だが、その矢先の5月、それまでだまし続けていた肘の痛みが限界に達し、トミー・ジョン手術に踏み切った。リハビリ期間は当然、トレーニングに汗を流すしかない。同じ東芝では
下山悠介(慶大)など、同期入社組の野手はバリバリ活躍している。焦りがないといったらウソになる。それでも、神野は言う。
「チームに迷惑をかけていますし、焦りましたが、自分でできることは何かを考えたら、勉強するしかありません。ネット裏から試合を見ながら、こういう球に打者はどう反応するのか、この投手はどういう配球をするのか、観察を深めるようになりました。出力100で投げられるようになったのは去年の3月くらい。リハビリ中に見て学んだ打者の反応の仕方など、観察の成果が今のマウンドで生きていると思います」
なるほど。今季は、「基本的にはストレートとフォークのみ」ながら、3月末からの主要大会で、救援登板した5試合8イニングを連続無失点と圧巻の投球を見せる。6試合目にはサヨナラ本塁打を浴びたが、本人の分類では「フォークのみ」でも、ツーシーム系など微妙な横の変化もあり、スライダーで目先を変えられるため、打者も手こずるのだ。「過去2年はチームに貢献できませんでしたが、東芝が勝つも負けるも自分次第というつもりで投げています。目指すのは都市対抗優勝。自分のプロ入りは、その結果次第です」。

「目指すのは都市対抗優勝。自分のプロ入りは、その結果次第です」神野竜速
PROFILE かみの・りゅうどう●2001年2月19日生まれ。神奈川県出身。180cm83kg。右投右打。岡村小1年時に横浜モンキーズで野球を始め、岡村中では横浜南シニアに所属。西武台千葉高では3年夏の西千葉大会8強。神奈川大では1年春からベンチ入りしリーグ通算15勝。3年時に明治神宮大会、4年時に全日本選手権に出場。2023年に東芝に入社、3年目を迎える。最速154キロ。変化球はスライダー、フォーク。
初の東京ドーム目指し
その都市対抗で東芝は、10年に歴代2位となる7回目の優勝を果たしている。ただ昨年は本大会出場を逃すなど、いまひとつ元気がない。

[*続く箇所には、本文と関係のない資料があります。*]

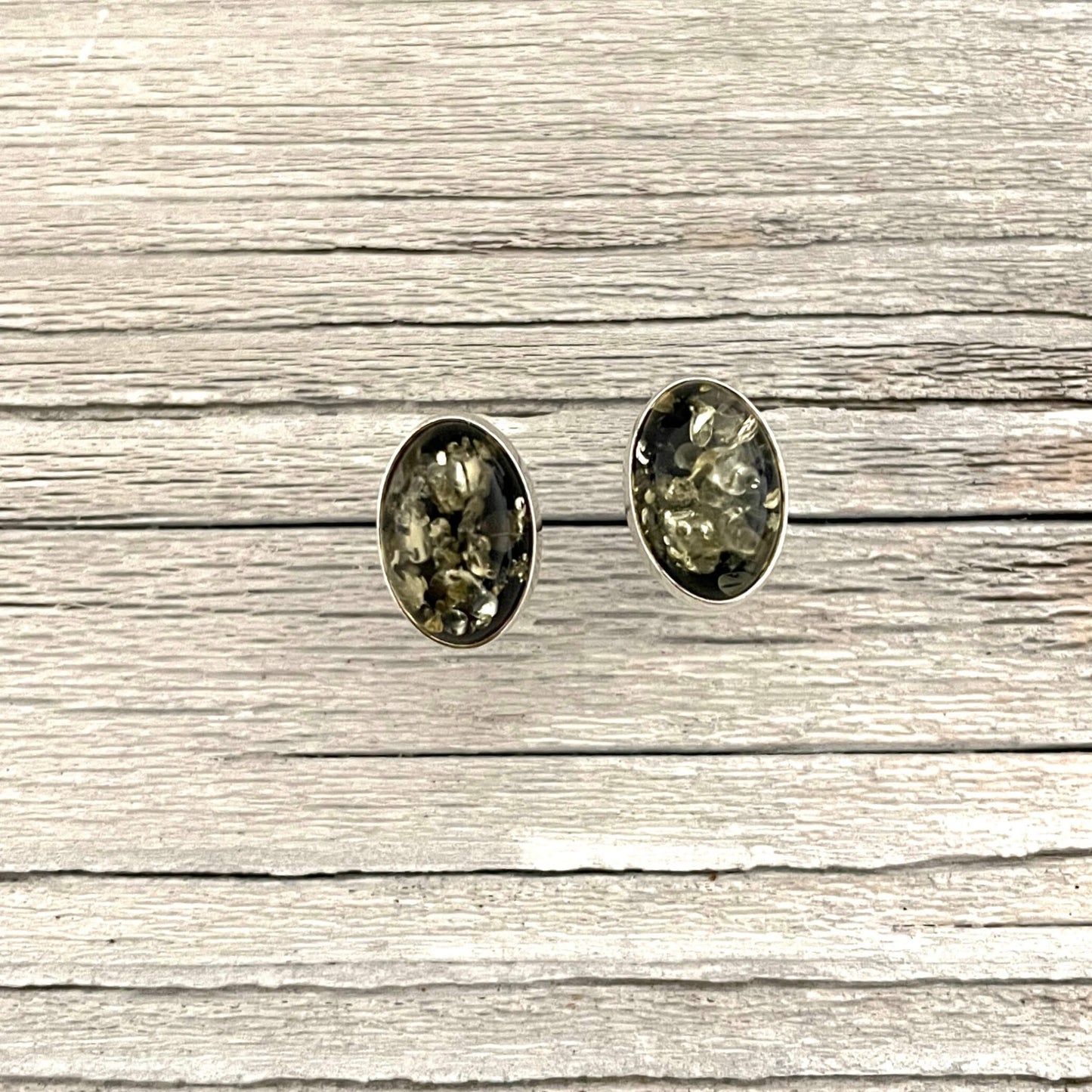 oval shaped green amber stud earrings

「(流経)大学2年のときに、初めて都市対抗を見に行ったんです。東京ガスとホンダ熊本の決勝でした。負けましたけど最終回に1点差まで追い上げたホンダ熊本の応援がすごくて、こんなに熱狂的な野球があるのか、自分もこの舞台でプレーできたら、絶対におもしろいと思いました」
そう話すのは、入社2年目の萩原義輝だ。学年で一つ上にあたる神野とは、大学3年時に全日本大学選手権で対戦し、「過去、一番気持ちよかった」というホームランを打っている。それがいま、同じチームでプレーというのも、なかなか味のある球運だ。昨年の萩原は、ルーキーながら夏以降に定位置を獲得し、日本選手権でもマスクをかぶった。ただ、本格的に捕手に取り組んだのは、大学に進んでからだという。

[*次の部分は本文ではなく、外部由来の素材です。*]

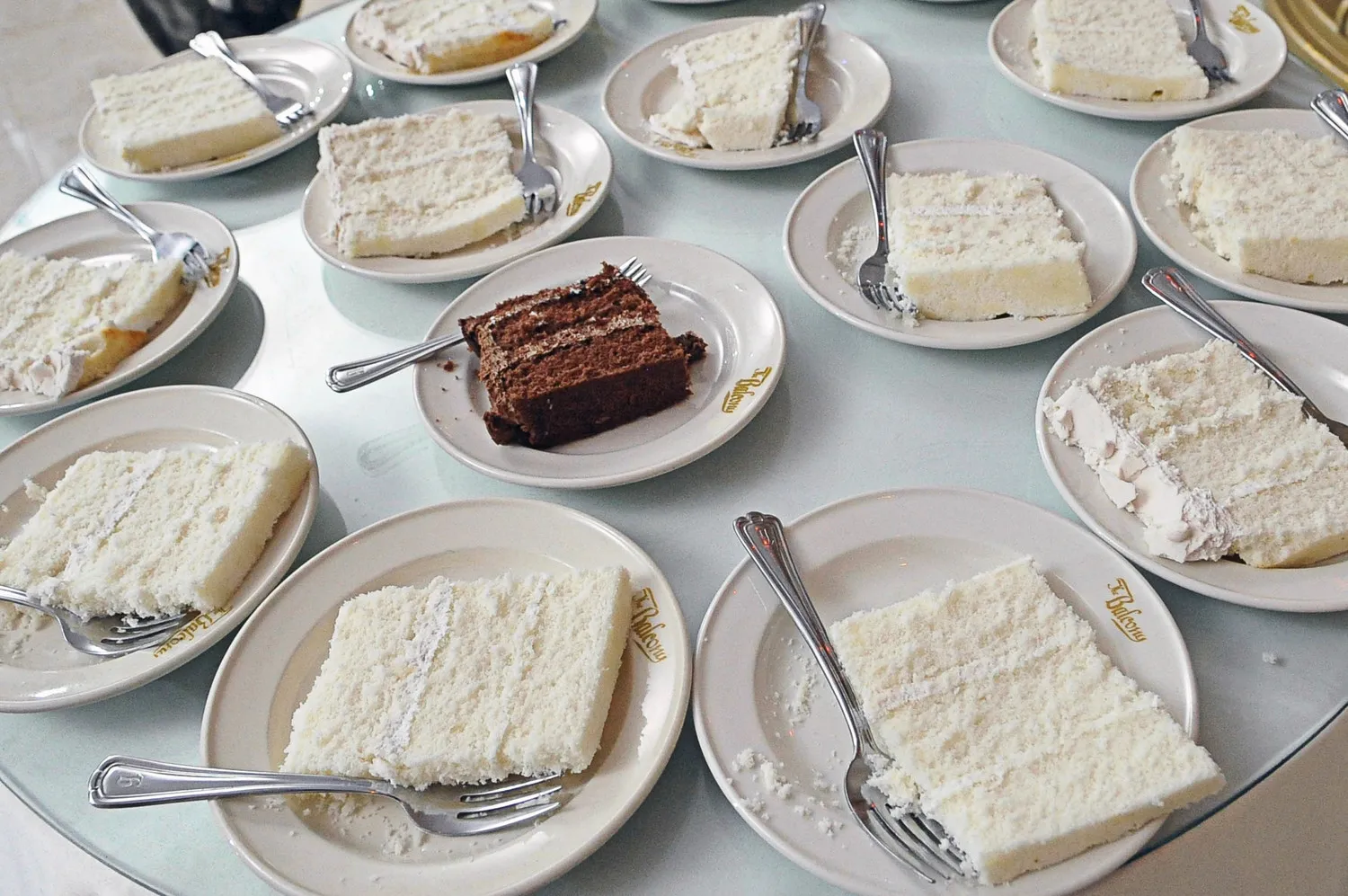 Multiple plates each with a slice of white cake with frosting and one plate with a slice of chocolate cake on a round glass table.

「(東海大相模)高校に入るまでは投手兼内野でしたが、(門馬敬治)監督に『ピッチャーのボールじゃない』と言われ、内野に専念したんです」
そしてたまたま、正捕手がケガをした期間、代役を務めた。「まるで未経験。どんなミスをしても知りませんよ、というつもりでした」と本人は笑うが、適性があったのだろう。関係者がそのときのプレーを目にした流経大に進むと、在学中にベストナインを3度獲得。プロも注目する存在にまで成長するのだから、門馬監督の目に狂いはなかった。
社会人入りしてからは、「キャッチャーとしてのスキル不足」を痛感して最初は苦しんだが、「負けた試合を反省材料に、『なぜあの球が打たれたのか。あそこではこういう選択肢もあったのでは』などと積極的に投手とのコミュニケーションを取ったり、自分の意思を明確に伝えるようにしながら会話の質を上げて」引き出しを増やしていった。今でも反省材料にしているのは、昨年の日本選手権だ。ホンダとの準々決勝、6回に同点に追いつかれたあと、代打にグランドスラムを浴びて逆転されている。
「捕手という立場からして、どうしても点をやりたくないと考えがちでした。代打ですから、考え方次第では投手のほうが優位のはずなのに……。今は、1点取られたとしても、『最少失点ならいい。9イニングあるんだからそれ以上は与えないように』と見方を変えるようにしています。そうすれば、リードに余裕が持てると思うんですよね」
打撃面でも、試行錯誤の繰り返しから手応えをつかんでいる。
「それまでの自分は、ストライクなら全部振ろうと欲張りすぎていたんですが、都市対抗出場を逃して夏の間はとにかくバットを振り込みました。その過程でスタンスをオープン気味にしてみたら、ボールの見え方がよくなったんです」
昨年の八番から、いまのところ六番に上がった打順はそのまま、進化の証だろう。今季のテーマは得点圏打率を上げることだ。そして目標は都市対抗V。萩原は言う。「まだ東京ドームでプレーしたことがないんです。なんとしてもあの舞台に立ち、日本一という景色を見てみたい」。それが結果としてプロにつながれば……という
思いは、神野と同じ。大学時代、ドラフト指名漏れを経験したのも2人とも共通している。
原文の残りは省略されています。